#' Descriptive Statistics
#'
#' Produces table of relevant descriptive statistics for an arbitrary number of
#' variables of class \code{integer}, \code{numeric}, \code{Surv}, \code{Date},
#' or \code{factor}. Descriptive statistics can be obtained within strata, and
#' the user can specify that only a subset of the data be used. Descriptive
#' statistics include the count of observations, the count of cases with
#' missing values, the mean, standard deviation, geometric mean, minimum, and
#' maximum. The user can specify arbitrary quantiles to be estimated, as well
#' as specifying the estimation of proportions of observations within specified
#' ranges.
#'
#' This function
#' depends on the \code{survival} R package. You should execute
#' \code{library(survival)} if that library has not been previously installed.

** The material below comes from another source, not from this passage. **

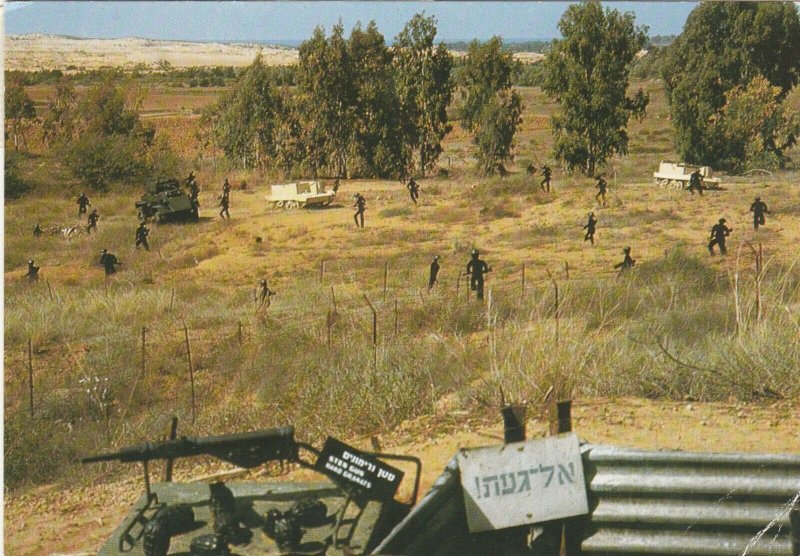 JAD MORDECHAY, Israel - Vintage POSTCARD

#' Quantiles are computed for uncensored data using the default method in
#' \code{quantile()}. For variables of class \code{factor}, descriptive
#' statistics will be computed using the integer coding for factors. For
#' variables of class \code{Surv}, estimated proportions and quantiles will be
#' computed from Kaplan-Meier estimates, as will be restricted means,
#' restricted standard deviations, and restricted geometric means. For
#' variables of class \code{Date}, estimated proportions will be labeled using
#' the Julian date since January 1, 1970.
#'
#' @aliases descrip print.uDescriptives
#' @param \dots an arbitrary number of variables for which descriptive statistics
#' are desired. The arguments can be vectors, matrices, or lists. Individual
#' columns of a matrix or elements of a list may be of class \code{numeric},
#' \code{factor}, \code{Surv}, or \code{Date}. Factor variables are converted
#' to integers. Character vectors will be coerced to numeric. Variables may be
#' of different lengths, unless \code{strata} or \code{subset} are non-\code{NULL}.
#' A single \code{data.frame} or \code{tibble} may also be entered, in which case
#' each variable in the object will be described.
#' @param strata a vector, matrix, or list of stratification variables. Descriptive
#' statistics will be computed within strata defined by each unique combination
#' of the stratification variables, as well as in the combined sample.
#' If \code{strata} is supplied, all variables must be of that same length.
#' @param subset a vector indicating a subset to be used for all descriptive statistics.
#' If \code{subset} is supplied, all variables must be of that same length.
#' @param probs a vector of probabilities between 0 and 1 indicating quantile
#' estimates to be included in the descriptive statistics. Default is to compute
#' 25th, 50th (median) and 75th percentiles.
#' @param geomInclude if not \code{FALSE} (the default), includes the geometric mean
#' in the descriptive statistics.
#' @param replaceZeroes if not \code{FALSE} (the default), this indicates a value
#' to be used in place of zeroes when computing a geometric mean. If \code{TRUE},
#' a value equal to one-half the lowest nonzero value is used. If a numeric value
#' is supplied, that value is used for all variables.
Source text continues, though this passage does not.